In a world where professional sport is scrutinised from every angle, it is little wonder the smaller details are starting to make bigger differences.
I got a familiar sensation when I was reading the article by esteemed colleague Gazbo titled “The Broncos’ decline is no laughing matter”.
That sensation I’ve had so many times before, reading and listening to similar opinions. It’s my automatic reaction whenever I encounter a line like this one in the article:
“You want to see your team hurting and upset after a loss, not joking around and laughing with the opposition’s players.”
And that reaction is: well… no. I don’t.
I have never wanted to see my team hurting and upset. I’ve never enjoyed watching sportspeople crumple in devastation or weep in frustration and despair. When I see a player crushed, I feel a pang of sympathy and hope that he or she won’t be suffering this misery much longer.
I don’t feel a sense of satisfaction. I don’t think to myself, “Good. This is as it should be”.
Frankly, when I see a defeated player smiling and laughing with an opponent, I find it quite uplifting. It’s a marvellous reminder of sport’s most beautiful element: that at the end of the day it’s just a game.

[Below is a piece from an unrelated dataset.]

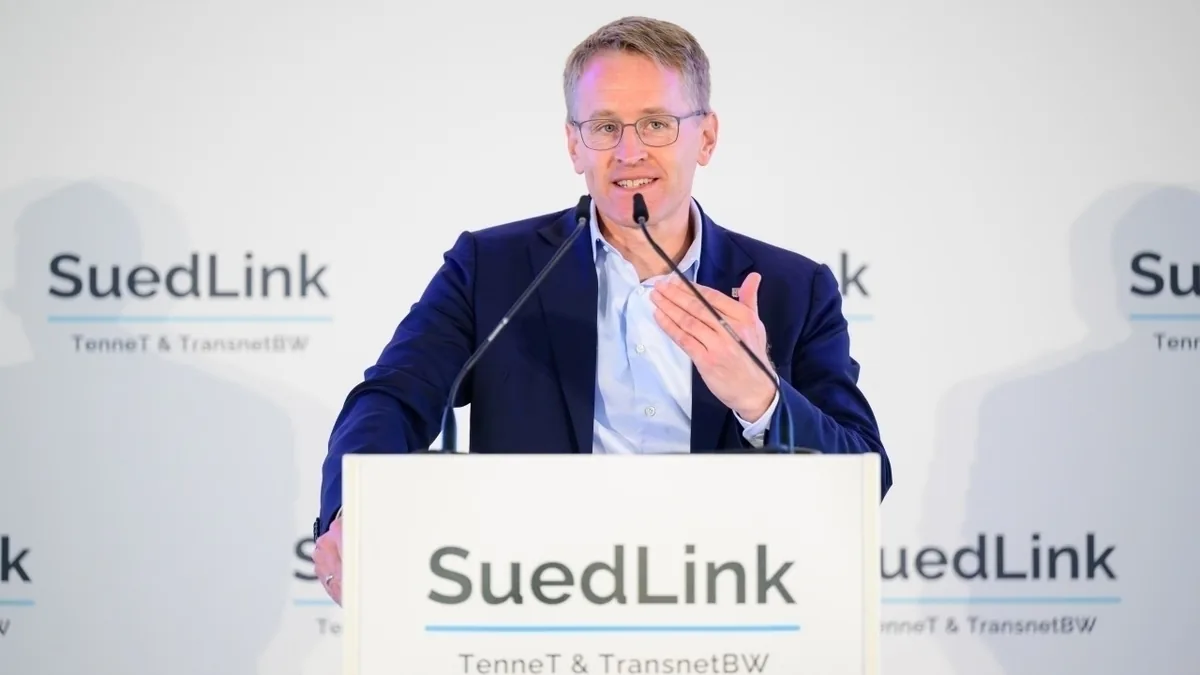 Schleswig-Holsteins Ministerpräsident Daniel Günther spricht beim Termin zur SuedLink-Elbquerung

Professional sportspeople might train obsessively, compete ferociously, and crash and bash their opponents with oft-brutal vigour while the contest is hot, but when the whistle blows, it’s lovely to see the fiercest of foes expressing comradeship with each other.
The fact is, though during a game these people are mortal enemies, in a broader sense they are colleagues, fellow travellers in a tough job, and they have much more in common than they have differences. Fraternal feeling between them is not only natural, it’s commendable.
Now, those who take the position that there must be much wailing and gnashing of teeth in the wake of defeat will say that a public demonstration of grief is necessary in order that loyal fans know that the players care as much about the game as we do.
To which I would say: seriously? You can’t know that they care unless they make a display of their disappointment?
After watching them go into battle for an hour and a half, you’re still unable to gauge whether commitment is present without checking out which direction their mouths are curving in?
I call nonsense. I believe it’s pretty rare for players to not give their all on the field in any case, but if they truly don’t care whether they win or lose, the way they play is going to be a much more telling indicator than whether they’re rending their garments post-whistle.
It’s an absurdity to think that a smile after the game is a reliable guide to a player’s inner feelings about what just went down anyway. You think it’s impossible for a man to share a joke with a friend while also suffering inner agony over his failure?
For that matter, you think it’s impossible for a man to make a show of how shattered he is – knowing it’s expected of him – while not actually being at all bothered? Come on, now.
We know players hate losing. We know it hurts. It hurts to lose even when you’re not a full-time professional athlete: for those whose hyper-developed competitive drive was a major factor in their rise to the top, the sting must be far worse.
Add to that the fact that extended periods of under-performance threaten not just their reputations, but their livelihoods and their families’ futures, and it seems pretty unlikely that there’s anyone running around the NRL thinking, “Meh, whatever”.
And when all is said and done, why should we take comfort in the misery of men who are, supposedly, on our side? Why is it good to see our men in distress? Why is it bad to see them smile? Why should we find the suggestion that a footballer might have a) friends on other teams; b) the ability to find morsels of happiness in unhappy times; c) a healthy sense of perspective, so offensive?
I gotta say, I just don’t get it. As far as I’m concerned, the more players smile and show friendship after losses – whether they’re from my team or any other – the better.
This world has enough sadness in it – we don’t need to invite any more.